Circle, the largest stablecoin issuer in the United States and the company behind the $60 billion USDC, recently submitted an IPO application, providing a window into the financial health and strategic prospects of the underlying company in the cryptocurrency space. As the only way to get direct access to the fastest-growing verticals in the open market, Circle’s application is at a critical moment. Although IPOs may still face delays due to market conditions, it coincides with the beginning of stablecoin legislation taking shape and competition between issuers and blockchains intensifies.


In this article, we dissect the key points of the Circle IPO application documents and combine them with USDC’s on-chain data to understand how Circle generates revenue, interest rates and other factors affect its business, and the role of platforms such as Coinbase and Binance in shaping USDC distribution. We also explore the on-chain footprint of USDC to evaluate Circle’s positioning in an increasingly competitive landscape.


Circle's financial overview


From its initial Bitcoin payments app to becoming a leading stablecoin issuer and crypto infrastructure provider, Circle has experienced a series of challenges over its 12-year journey. Growth slowed in 2023 after explosive revenue growth in 2021 (450%) and 2022 (808%), when USDC rose 88% by the bankruptcy of Silicon Valley. As of the end of 2024, Circle reported revenue of $1.7 billion, up 15% year-on-year, indicating it is turning to a more solid expansion.

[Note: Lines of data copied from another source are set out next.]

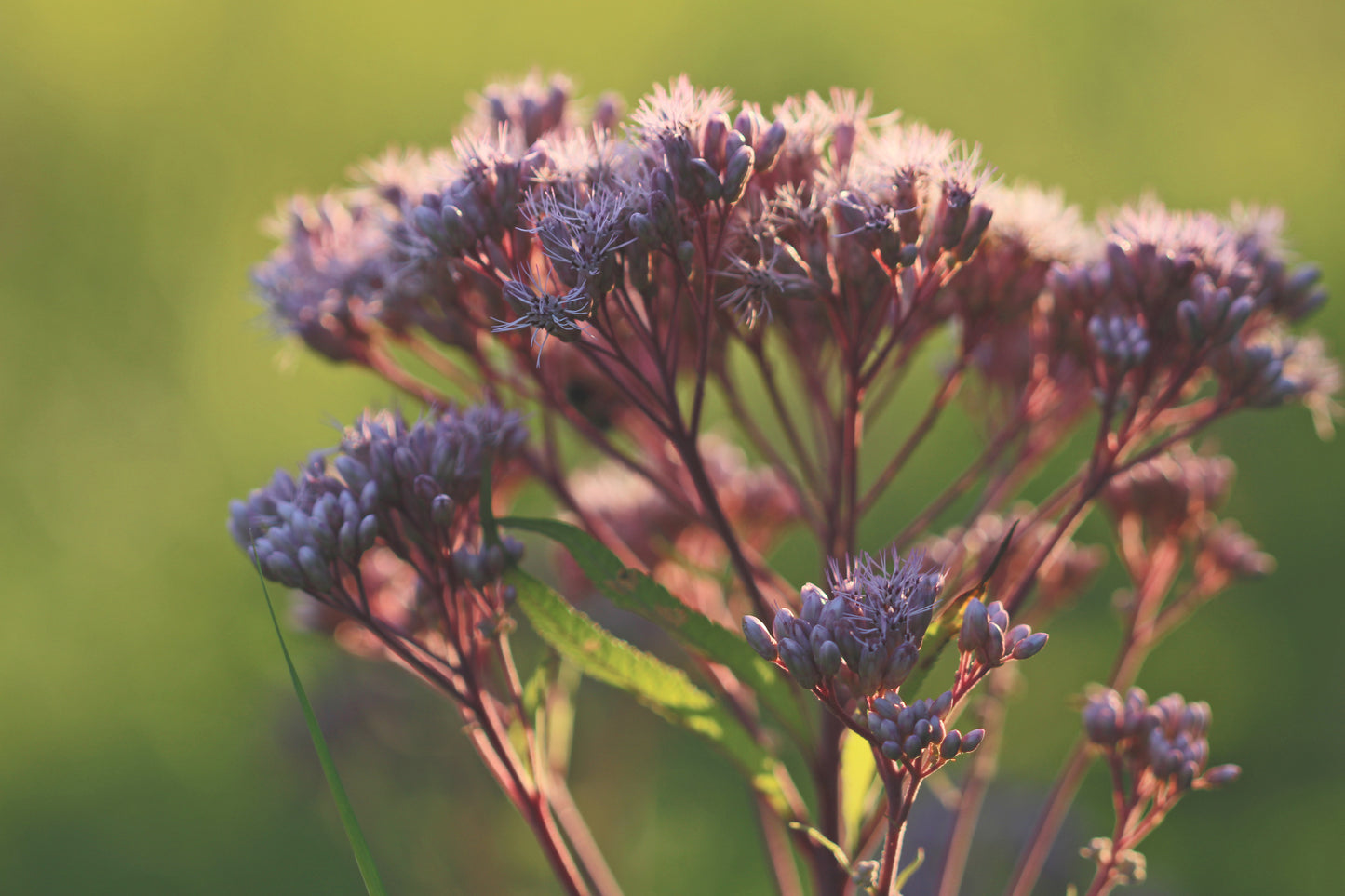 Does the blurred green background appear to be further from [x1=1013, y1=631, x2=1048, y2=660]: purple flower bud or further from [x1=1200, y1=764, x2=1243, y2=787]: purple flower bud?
[x1=1013, y1=631, x2=1048, y2=660]: purple flower bud

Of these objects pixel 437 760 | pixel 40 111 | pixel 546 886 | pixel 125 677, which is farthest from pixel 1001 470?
pixel 40 111

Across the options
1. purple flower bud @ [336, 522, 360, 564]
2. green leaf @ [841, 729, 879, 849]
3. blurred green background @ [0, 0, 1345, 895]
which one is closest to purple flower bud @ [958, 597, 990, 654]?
green leaf @ [841, 729, 879, 849]

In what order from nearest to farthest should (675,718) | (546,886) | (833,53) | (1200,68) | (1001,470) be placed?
(675,718) < (1001,470) < (546,886) < (1200,68) < (833,53)

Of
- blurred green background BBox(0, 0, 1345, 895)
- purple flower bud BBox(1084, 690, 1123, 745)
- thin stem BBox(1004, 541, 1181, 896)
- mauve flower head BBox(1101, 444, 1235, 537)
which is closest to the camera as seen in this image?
purple flower bud BBox(1084, 690, 1123, 745)

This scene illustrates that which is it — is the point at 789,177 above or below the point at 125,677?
above

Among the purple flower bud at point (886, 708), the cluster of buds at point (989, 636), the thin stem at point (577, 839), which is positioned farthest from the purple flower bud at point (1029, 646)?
the thin stem at point (577, 839)

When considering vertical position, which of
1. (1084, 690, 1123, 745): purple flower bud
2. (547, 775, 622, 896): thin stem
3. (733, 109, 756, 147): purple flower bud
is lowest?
(547, 775, 622, 896): thin stem

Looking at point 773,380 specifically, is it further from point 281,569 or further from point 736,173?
point 281,569

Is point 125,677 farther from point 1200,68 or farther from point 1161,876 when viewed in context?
point 1200,68
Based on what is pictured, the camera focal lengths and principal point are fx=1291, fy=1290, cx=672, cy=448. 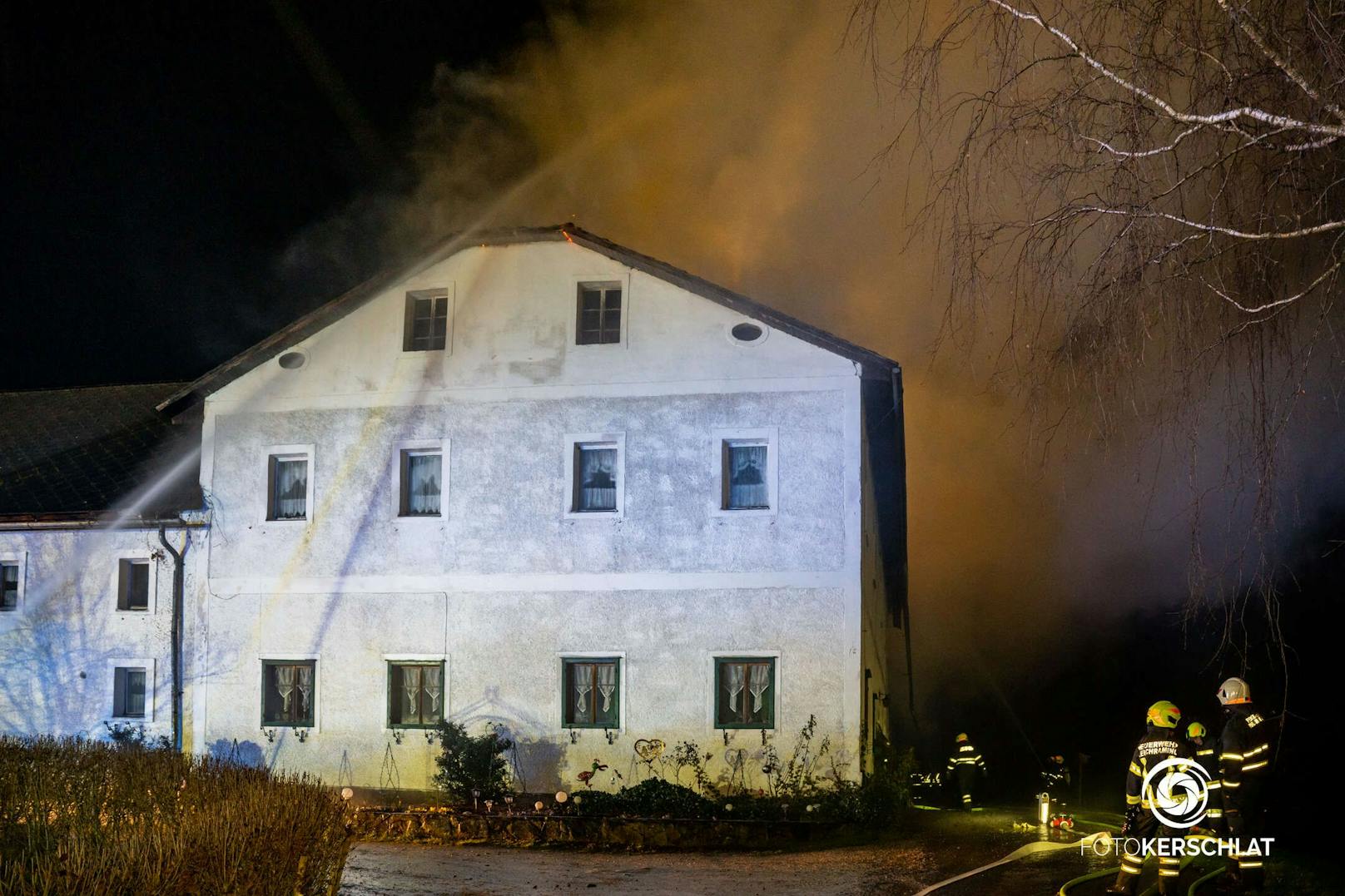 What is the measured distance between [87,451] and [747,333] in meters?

Source: Circle S-1 Application Document


However, profitability declined, with net income and adjusted EBITDA down 42% and 28% to $157 million and $285 million, respectively. Notably, Circle's financial data shows that its revenue is highly concentrated on interest income from reserves, and distribution costs paid to partners such as Coinbase and Binance are as high as about $1.01 billion. However, both factors contributed to a rebound in USDC supply, up 80% for the full year to $44 billion.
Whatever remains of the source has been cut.